§ **HOW TO COMPLETE THIS TASK**:
From the entries below, retype only the lines from the one with "SSumigawa's tweet photo." through the one with "NWT white and", exactly as written.

Crawled caption data:
▬▬▬
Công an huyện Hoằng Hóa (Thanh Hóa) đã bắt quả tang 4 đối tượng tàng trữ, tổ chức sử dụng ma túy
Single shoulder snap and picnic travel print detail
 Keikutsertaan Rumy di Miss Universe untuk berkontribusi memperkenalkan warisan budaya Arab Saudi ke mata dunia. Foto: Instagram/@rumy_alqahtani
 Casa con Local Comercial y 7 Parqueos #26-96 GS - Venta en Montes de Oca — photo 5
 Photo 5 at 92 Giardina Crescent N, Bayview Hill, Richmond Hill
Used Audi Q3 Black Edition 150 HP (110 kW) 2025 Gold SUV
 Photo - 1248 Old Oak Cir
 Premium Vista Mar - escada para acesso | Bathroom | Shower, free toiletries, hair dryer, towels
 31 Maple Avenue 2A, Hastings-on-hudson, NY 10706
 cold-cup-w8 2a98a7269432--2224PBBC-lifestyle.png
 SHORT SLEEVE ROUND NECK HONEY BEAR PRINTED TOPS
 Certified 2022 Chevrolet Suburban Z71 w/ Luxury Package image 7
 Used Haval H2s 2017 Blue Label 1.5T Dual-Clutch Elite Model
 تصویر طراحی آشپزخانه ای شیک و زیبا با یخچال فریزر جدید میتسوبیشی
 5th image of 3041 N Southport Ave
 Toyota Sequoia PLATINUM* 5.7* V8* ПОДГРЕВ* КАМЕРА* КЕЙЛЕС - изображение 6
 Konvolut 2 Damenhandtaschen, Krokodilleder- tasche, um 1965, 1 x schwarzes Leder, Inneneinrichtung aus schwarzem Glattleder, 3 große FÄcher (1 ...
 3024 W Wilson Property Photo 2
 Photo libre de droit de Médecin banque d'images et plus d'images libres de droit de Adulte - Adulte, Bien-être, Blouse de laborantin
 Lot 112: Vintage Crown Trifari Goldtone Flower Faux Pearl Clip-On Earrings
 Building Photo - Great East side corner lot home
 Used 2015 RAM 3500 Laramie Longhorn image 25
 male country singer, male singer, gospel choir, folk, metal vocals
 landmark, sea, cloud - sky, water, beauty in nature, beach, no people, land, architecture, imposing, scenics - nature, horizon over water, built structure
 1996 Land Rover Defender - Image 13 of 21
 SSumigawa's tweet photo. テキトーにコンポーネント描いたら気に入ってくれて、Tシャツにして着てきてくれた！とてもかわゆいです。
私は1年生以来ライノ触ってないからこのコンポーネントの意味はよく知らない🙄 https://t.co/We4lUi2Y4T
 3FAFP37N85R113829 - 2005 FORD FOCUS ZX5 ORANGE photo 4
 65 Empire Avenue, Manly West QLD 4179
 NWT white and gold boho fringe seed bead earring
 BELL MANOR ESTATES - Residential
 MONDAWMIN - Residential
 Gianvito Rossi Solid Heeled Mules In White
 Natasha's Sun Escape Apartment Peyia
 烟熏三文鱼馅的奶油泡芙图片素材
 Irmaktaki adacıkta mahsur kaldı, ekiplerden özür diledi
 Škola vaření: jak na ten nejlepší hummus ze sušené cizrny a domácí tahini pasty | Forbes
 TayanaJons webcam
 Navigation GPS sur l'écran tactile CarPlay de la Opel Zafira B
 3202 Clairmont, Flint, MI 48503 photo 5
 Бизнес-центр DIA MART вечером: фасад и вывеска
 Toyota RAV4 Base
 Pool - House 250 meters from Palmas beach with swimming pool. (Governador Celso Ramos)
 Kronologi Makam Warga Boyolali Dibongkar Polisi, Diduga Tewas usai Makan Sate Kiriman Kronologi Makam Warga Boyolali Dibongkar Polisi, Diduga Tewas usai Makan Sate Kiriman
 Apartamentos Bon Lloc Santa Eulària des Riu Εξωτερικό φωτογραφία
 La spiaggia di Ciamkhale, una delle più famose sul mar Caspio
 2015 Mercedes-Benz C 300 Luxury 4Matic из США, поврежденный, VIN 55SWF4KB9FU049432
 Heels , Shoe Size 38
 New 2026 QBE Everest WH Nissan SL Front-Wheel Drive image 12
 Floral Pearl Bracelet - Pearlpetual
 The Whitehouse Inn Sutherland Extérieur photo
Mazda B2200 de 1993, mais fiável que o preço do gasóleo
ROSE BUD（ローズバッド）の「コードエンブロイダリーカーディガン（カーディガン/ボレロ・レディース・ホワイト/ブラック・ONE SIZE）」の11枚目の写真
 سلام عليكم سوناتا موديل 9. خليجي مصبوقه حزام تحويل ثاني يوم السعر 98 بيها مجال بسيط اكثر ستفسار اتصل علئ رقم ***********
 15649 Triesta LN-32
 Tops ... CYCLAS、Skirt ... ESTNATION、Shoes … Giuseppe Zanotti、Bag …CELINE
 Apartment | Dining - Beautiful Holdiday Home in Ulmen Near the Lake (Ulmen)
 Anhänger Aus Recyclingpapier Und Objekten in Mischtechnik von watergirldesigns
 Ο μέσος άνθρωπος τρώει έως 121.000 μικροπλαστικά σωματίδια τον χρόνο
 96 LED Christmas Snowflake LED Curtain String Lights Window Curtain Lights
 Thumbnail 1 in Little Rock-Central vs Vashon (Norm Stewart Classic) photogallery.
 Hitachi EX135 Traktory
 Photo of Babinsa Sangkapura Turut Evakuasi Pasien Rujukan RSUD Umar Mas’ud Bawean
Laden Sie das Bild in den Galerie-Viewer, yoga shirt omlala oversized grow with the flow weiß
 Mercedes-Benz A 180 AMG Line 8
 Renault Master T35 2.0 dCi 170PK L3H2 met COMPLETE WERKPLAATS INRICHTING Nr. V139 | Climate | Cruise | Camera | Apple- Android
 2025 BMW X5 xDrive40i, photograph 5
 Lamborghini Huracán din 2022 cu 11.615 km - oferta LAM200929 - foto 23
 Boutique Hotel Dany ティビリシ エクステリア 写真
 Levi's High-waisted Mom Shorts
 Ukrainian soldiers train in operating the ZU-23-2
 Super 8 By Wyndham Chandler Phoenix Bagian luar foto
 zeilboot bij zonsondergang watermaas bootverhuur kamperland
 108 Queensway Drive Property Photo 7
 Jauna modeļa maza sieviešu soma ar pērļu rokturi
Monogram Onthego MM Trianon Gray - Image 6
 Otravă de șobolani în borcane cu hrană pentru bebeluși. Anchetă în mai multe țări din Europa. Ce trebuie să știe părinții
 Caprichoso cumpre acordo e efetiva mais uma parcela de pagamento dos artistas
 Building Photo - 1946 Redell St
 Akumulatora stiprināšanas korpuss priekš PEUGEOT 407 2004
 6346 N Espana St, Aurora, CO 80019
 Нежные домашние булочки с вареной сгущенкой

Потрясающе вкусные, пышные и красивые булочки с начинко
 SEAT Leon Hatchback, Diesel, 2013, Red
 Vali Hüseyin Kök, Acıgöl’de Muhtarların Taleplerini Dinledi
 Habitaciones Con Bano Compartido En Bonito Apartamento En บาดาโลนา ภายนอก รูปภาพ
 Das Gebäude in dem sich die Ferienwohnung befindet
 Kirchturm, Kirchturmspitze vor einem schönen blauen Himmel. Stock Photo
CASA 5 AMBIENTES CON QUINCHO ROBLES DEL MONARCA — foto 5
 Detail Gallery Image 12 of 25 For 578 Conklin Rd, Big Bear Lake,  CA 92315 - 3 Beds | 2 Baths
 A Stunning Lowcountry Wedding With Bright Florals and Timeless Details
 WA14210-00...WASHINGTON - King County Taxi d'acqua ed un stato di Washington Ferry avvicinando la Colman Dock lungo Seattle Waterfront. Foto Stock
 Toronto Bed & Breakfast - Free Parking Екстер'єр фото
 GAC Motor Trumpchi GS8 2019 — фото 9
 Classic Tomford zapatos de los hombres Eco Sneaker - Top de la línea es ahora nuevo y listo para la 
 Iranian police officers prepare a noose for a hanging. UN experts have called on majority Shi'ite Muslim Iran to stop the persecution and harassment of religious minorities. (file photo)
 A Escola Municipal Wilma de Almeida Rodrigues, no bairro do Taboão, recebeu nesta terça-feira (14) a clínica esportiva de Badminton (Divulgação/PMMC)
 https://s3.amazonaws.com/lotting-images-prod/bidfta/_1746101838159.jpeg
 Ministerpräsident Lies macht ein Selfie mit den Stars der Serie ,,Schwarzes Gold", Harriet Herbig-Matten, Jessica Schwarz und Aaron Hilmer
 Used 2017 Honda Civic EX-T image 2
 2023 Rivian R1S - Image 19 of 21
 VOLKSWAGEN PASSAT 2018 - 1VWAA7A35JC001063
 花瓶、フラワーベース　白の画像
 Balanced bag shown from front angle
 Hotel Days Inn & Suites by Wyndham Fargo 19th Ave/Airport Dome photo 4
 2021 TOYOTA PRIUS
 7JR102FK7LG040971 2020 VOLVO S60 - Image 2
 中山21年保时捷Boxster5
▬▬▬
§ **FINISHED TASK**:
 SSumigawa's tweet photo. テキトーにコンポーネント描いたら気に入ってくれて、Tシャツにして着てきてくれた！とてもかわゆいです。
私は1年生以来ライノ触ってないからこのコンポーネントの意味はよく知らない🙄 https://t.co/We4lUi2Y4T
 3FAFP37N85R113829 - 2005 FORD FOCUS ZX5 ORANGE photo 4
 65 Empire Avenue, Manly West QLD 4179
 NWT white and gold boho fringe seed bead earring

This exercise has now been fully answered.